WORK TO COMPLETE >>
Repeat exactly the lines that begin at the one containing "TREFL FROZEN 3W1 MEMOS+LOTTO+STORYTELLING" and end at the final line of the records; include no pictures and nothing else.

PROVIDED MATERIAL >>
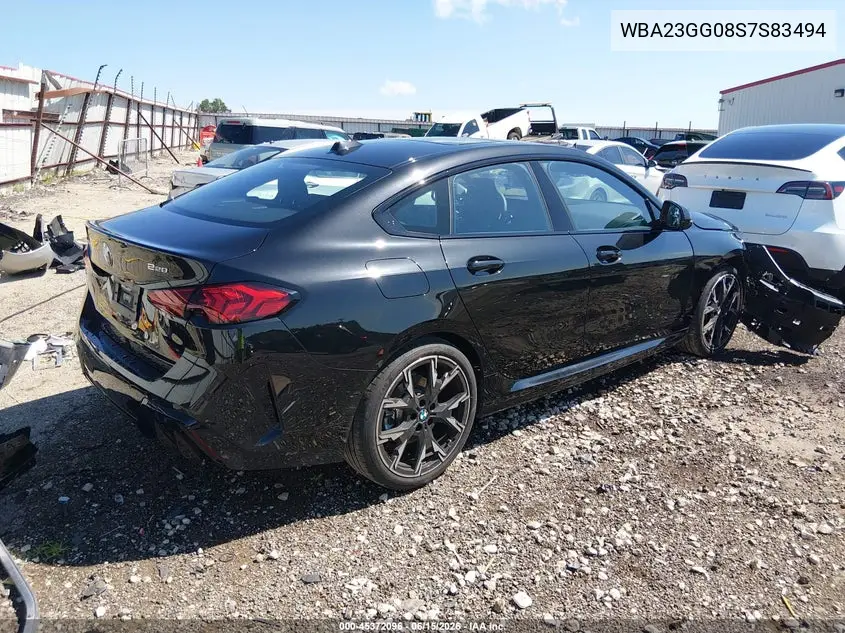 2025 BMW 228 Gran Coupe xDrive VIN: WBA23GG08S7S83494 Lot: 45372096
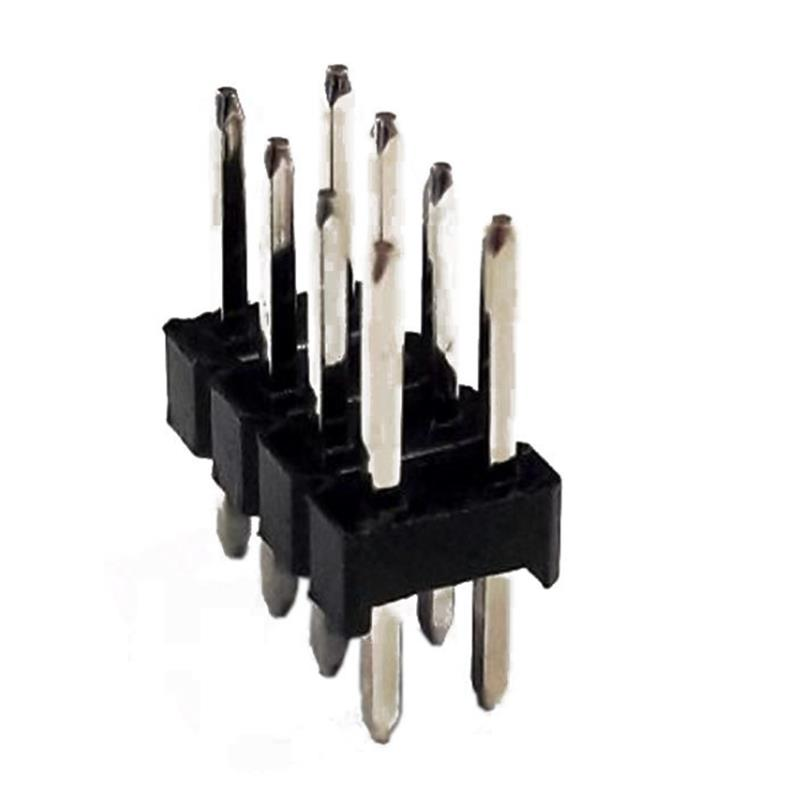 8 Pin (2x4) 2,54mm Erkek Pin Header THT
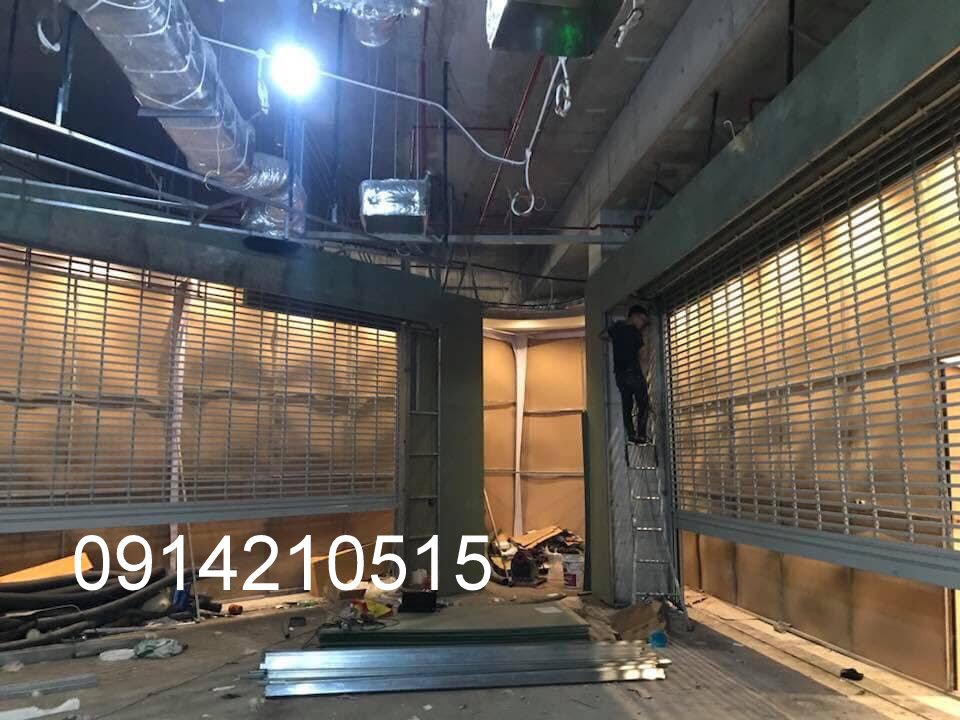 Cửa sắt song ngang, cửa cuốn song ngang sơn tĩnh điện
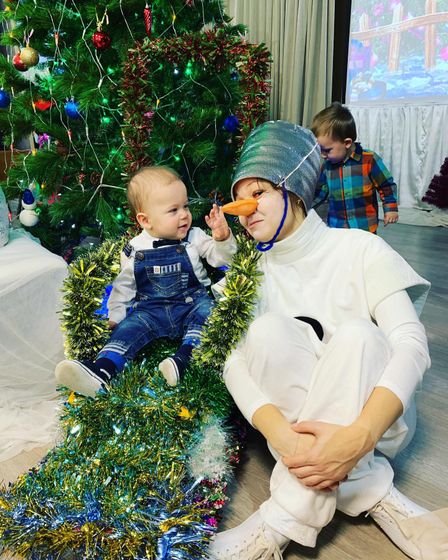Наша первая Ёлочка🐣😍❤️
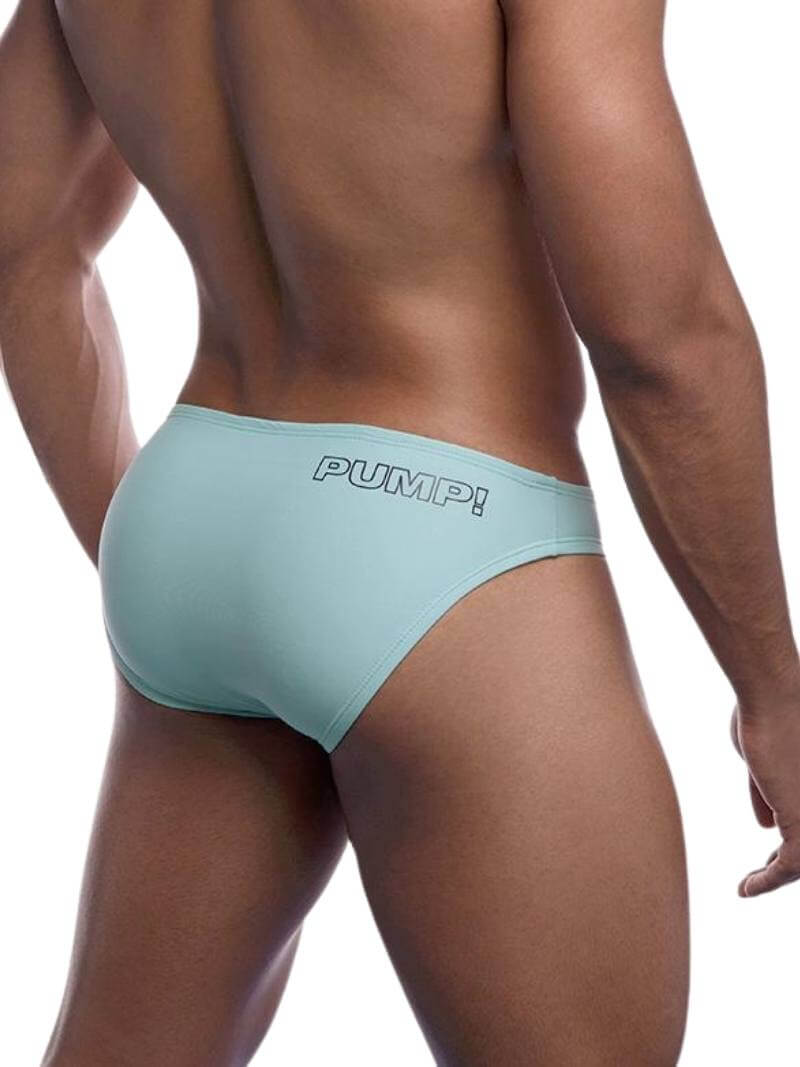 Mens PUMP Watercheekie Swimming Brief with UPF Sun Protection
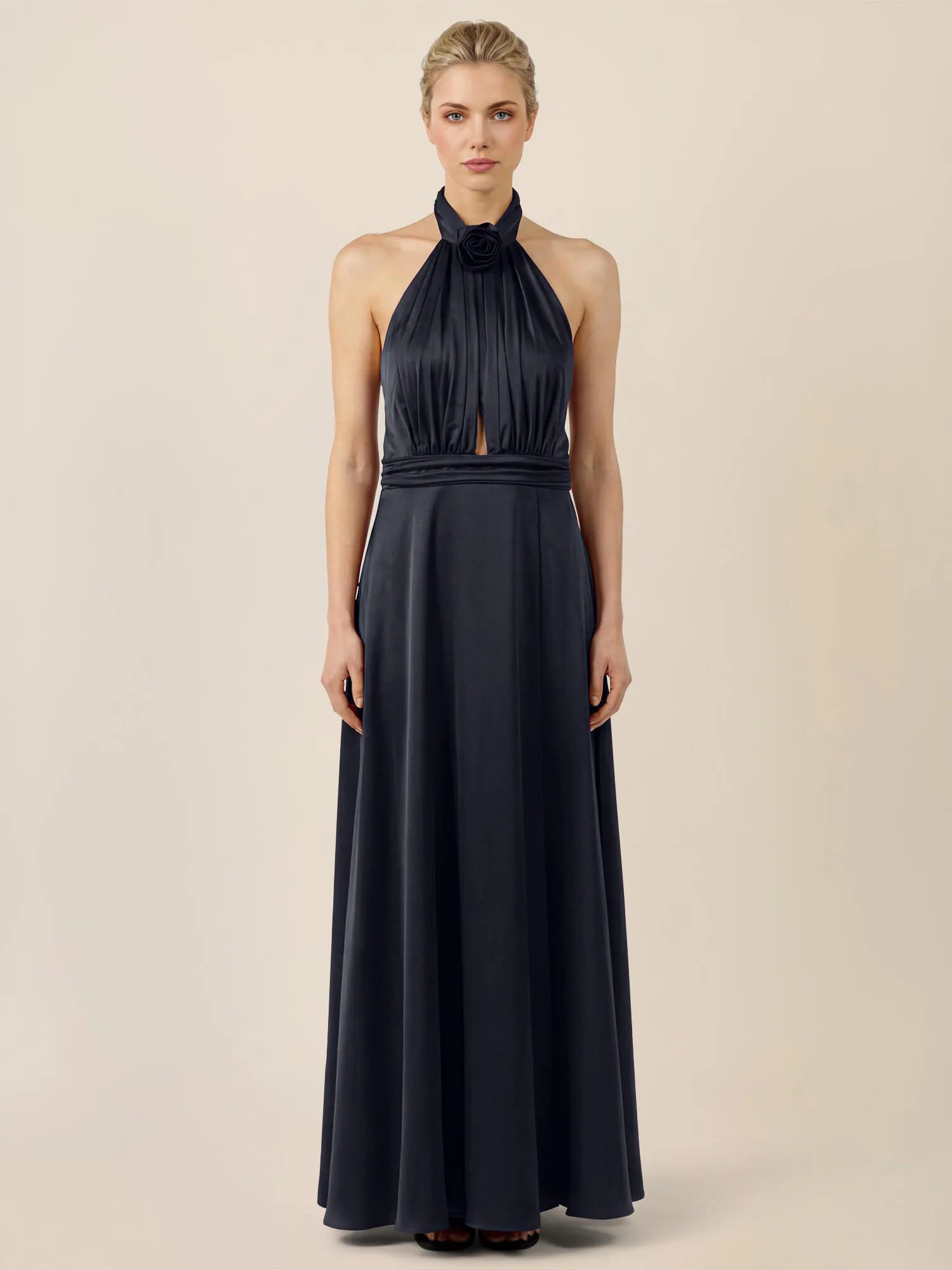 Neckholderkleid Maxi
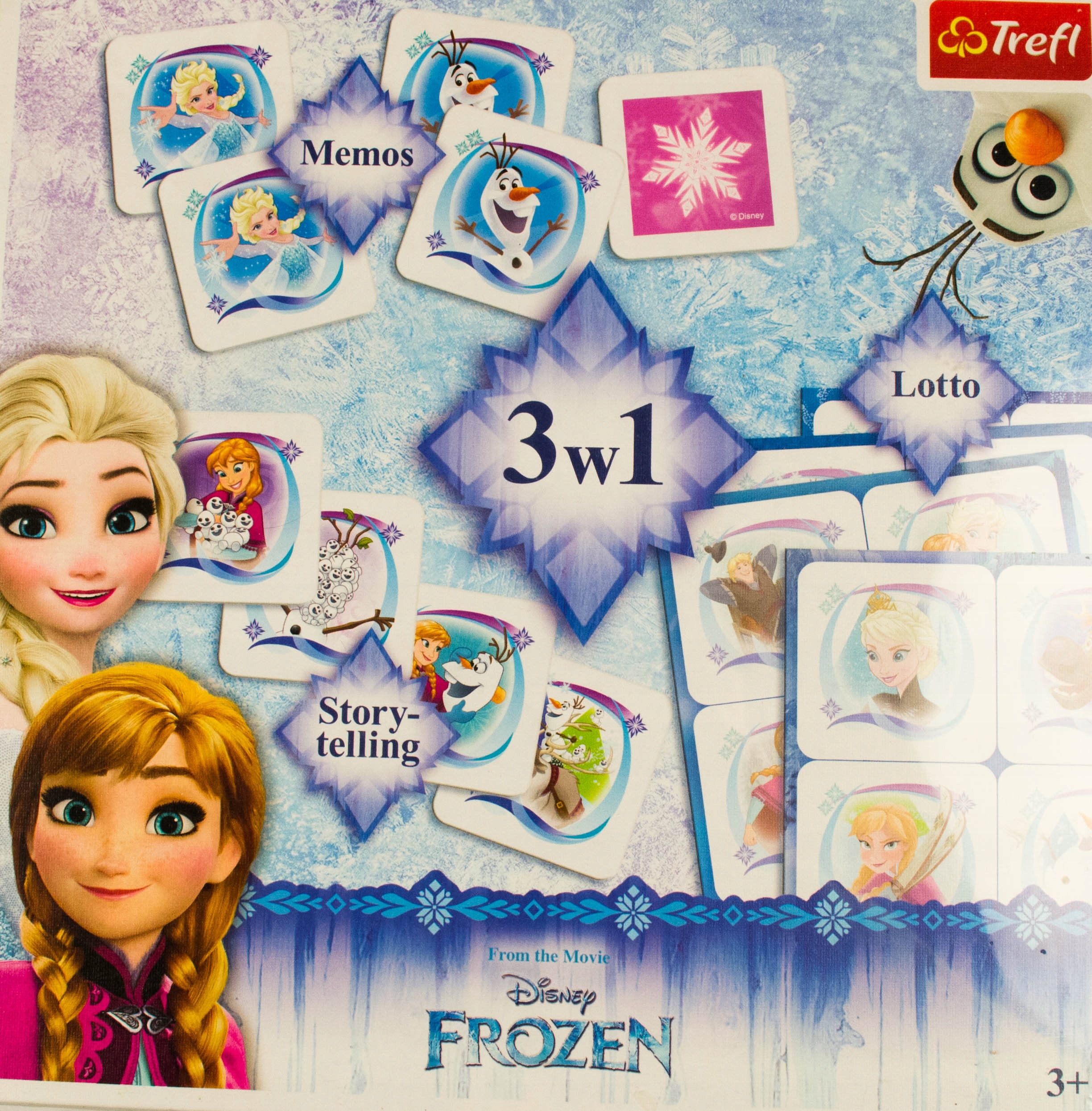 TREFL FROZEN 3W1 MEMOS+LOTTO+STORYTELLING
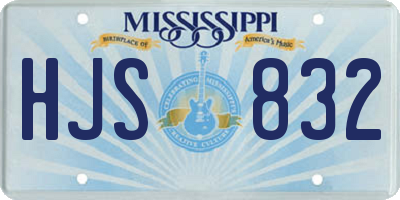 MS license plate HJS832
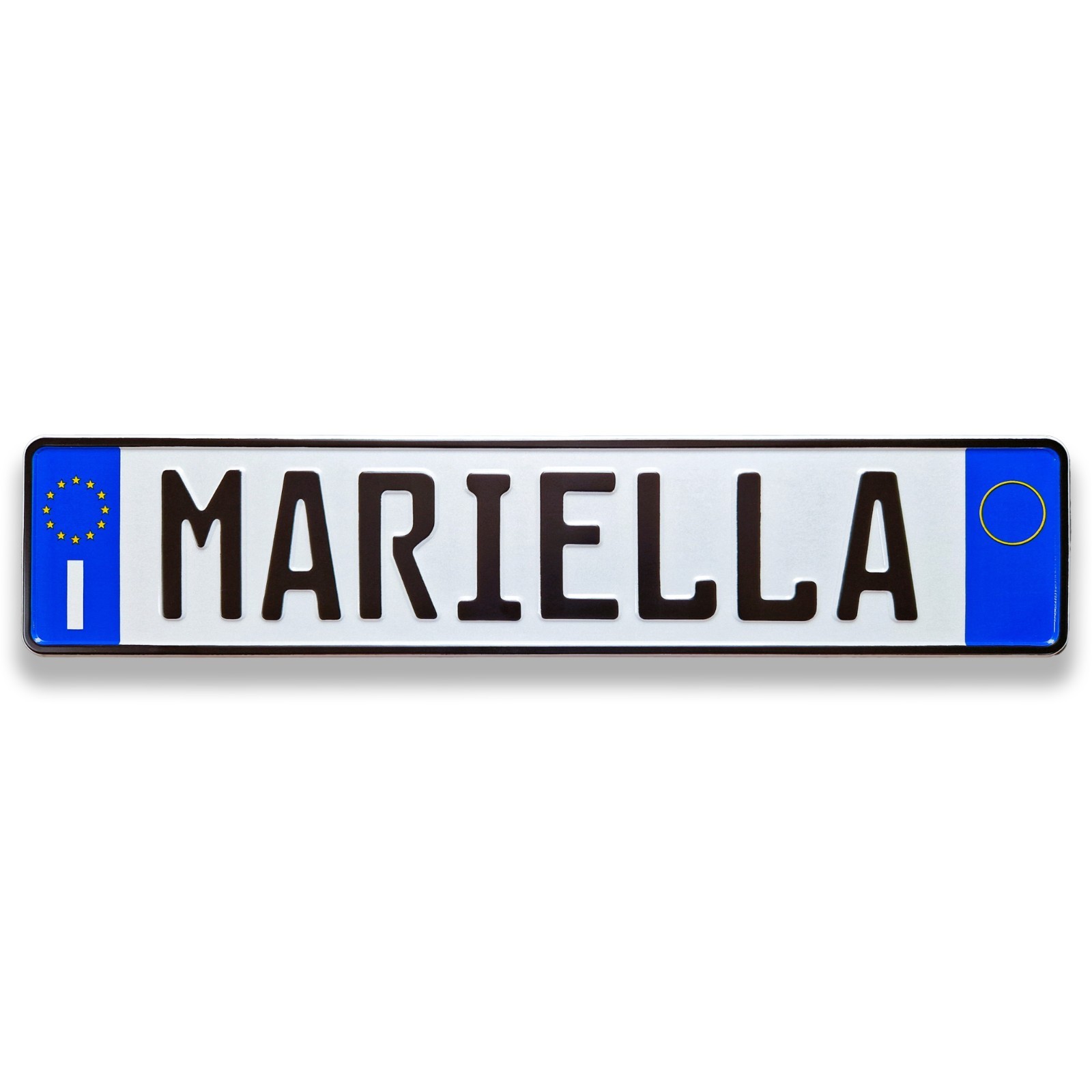1 Italian Style Personalized Garage Gift Name Plate Made in Germany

OUTPUT FOR THIS TASK >>
 TREFL FROZEN 3W1 MEMOS+LOTTO+STORYTELLING
 MS license plate HJS832
1 Italian Style Personalized Garage Gift Name Plate Made in Germany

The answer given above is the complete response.